> **EXERCISE DETAILS**
In the data below, find the line with "Avatar for The Engineer" and output it along with every later line, exactly, but not the pictures.

RECORDED INFORMATION below:

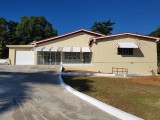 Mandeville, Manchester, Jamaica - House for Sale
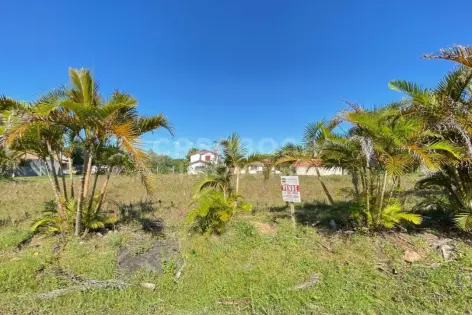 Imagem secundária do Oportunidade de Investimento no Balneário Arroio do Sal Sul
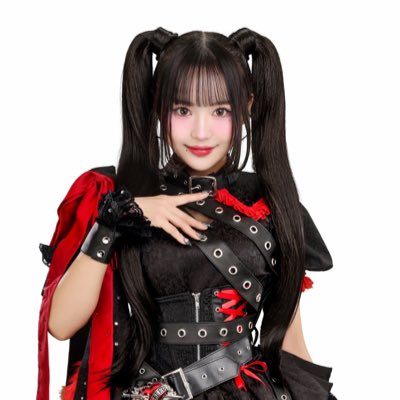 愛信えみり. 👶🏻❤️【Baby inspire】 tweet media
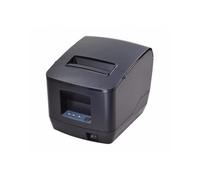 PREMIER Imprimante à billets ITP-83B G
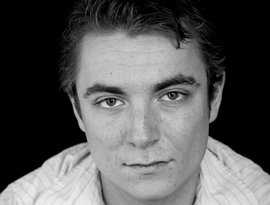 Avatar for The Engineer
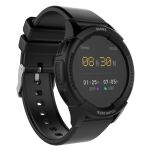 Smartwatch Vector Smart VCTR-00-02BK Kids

End of RECORDED INFORMATION.

> **ANSWER FOR THIS EXERCISE**
 Avatar for The Engineer
 Smartwatch Vector Smart VCTR-00-02BK Kids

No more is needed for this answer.